§ WORK INSTRUCTIONS
Every line of the data below is to be given again as it appears, with the images removed.

═══ DATA SHOWN

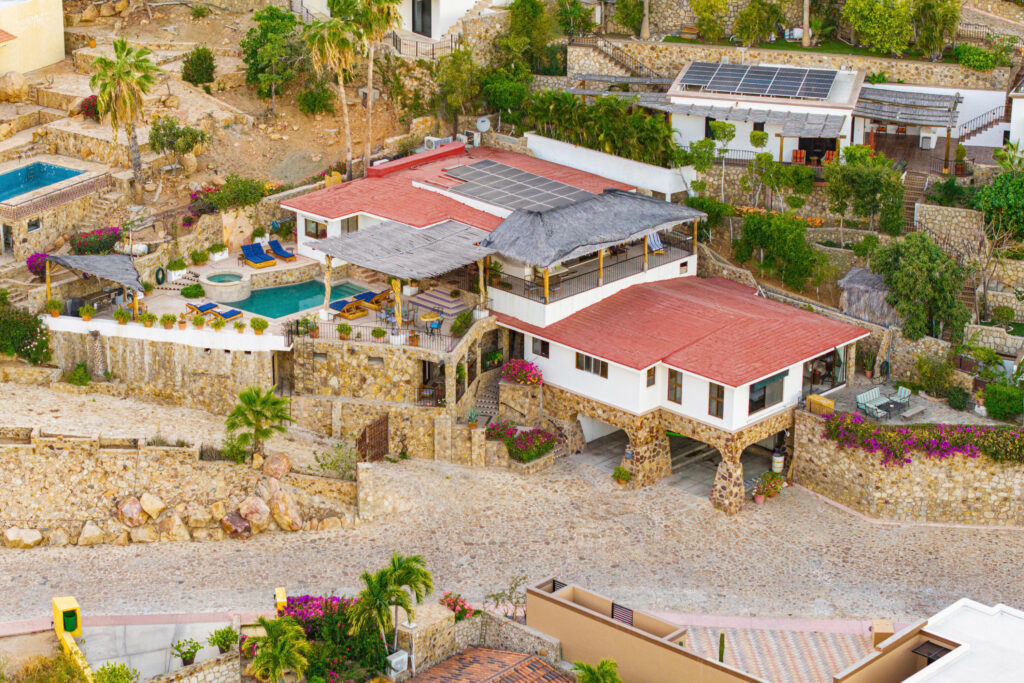 Los Cabos Pedregal Csl Villa Felicidad is a 5-bedroom, 5.5-bath residence in Pedregal that combines scale, location, and proven income potential. Set just minutes from the main gate and within walking distance to the marina, it offers effortless access to Cabo's best dining and nightlife while maintaining privacy. The home features a private pool, expansive terraces, and panoramic marina – 104 Los Valles, San Jose del Cabo, BS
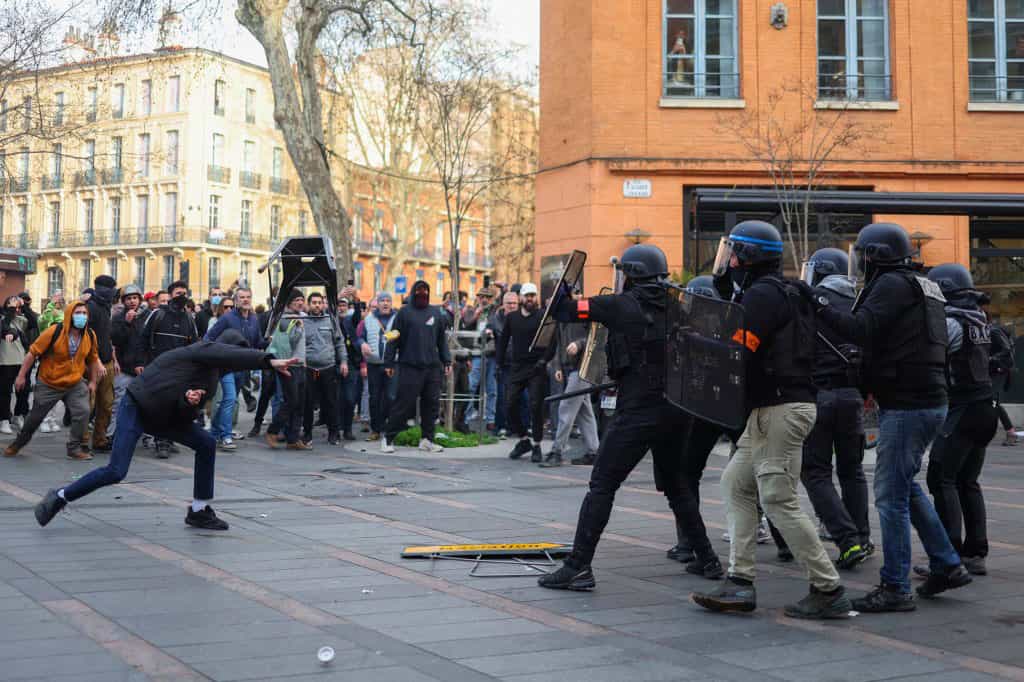 تصویر معترضان را نشان می‌دهد که به سوی مأموران امنیتی اشیاء پرتاب می‌کنند. مأموران با سپر و کلاه‌خود از خود محافظت می‌کنند.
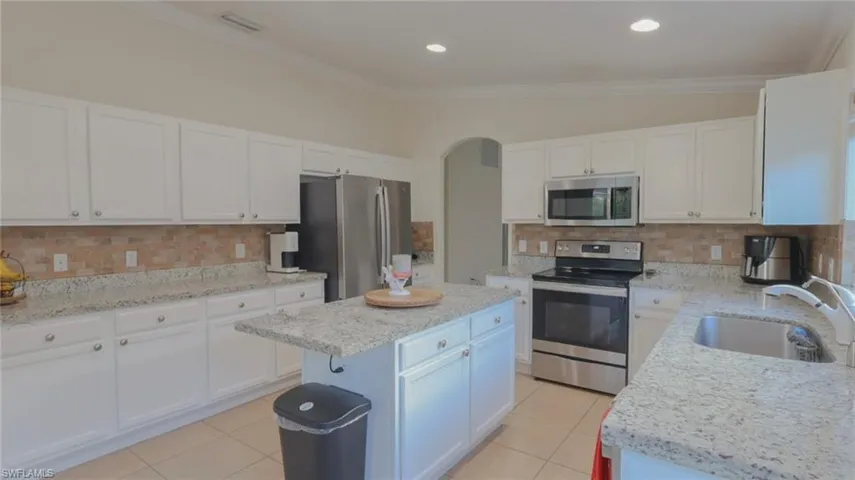Kitchen featuring light tile patterned flooring, white cabinets, stainless steel appliances, a sink, and backsplash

══════

§ ANSWER BOX
 Los Cabos Pedregal Csl Villa Felicidad is a 5-bedroom, 5.5-bath residence in Pedregal that combines scale, location, and proven income potential. Set just minutes from the main gate and within walking distance to the marina, it offers effortless access to Cabo's best dining and nightlife while maintaining privacy. The home features a private pool, expansive terraces, and panoramic marina – 104 Los Valles, San Jose del Cabo, BS
 تصویر معترضان را نشان می‌دهد که به سوی مأموران امنیتی اشیاء پرتاب می‌کنند. مأموران با سپر و کلاه‌خود از خود محافظت می‌کنند.
Kitchen featuring light tile patterned flooring, white cabinets, stainless steel appliances, a sink, and backsplash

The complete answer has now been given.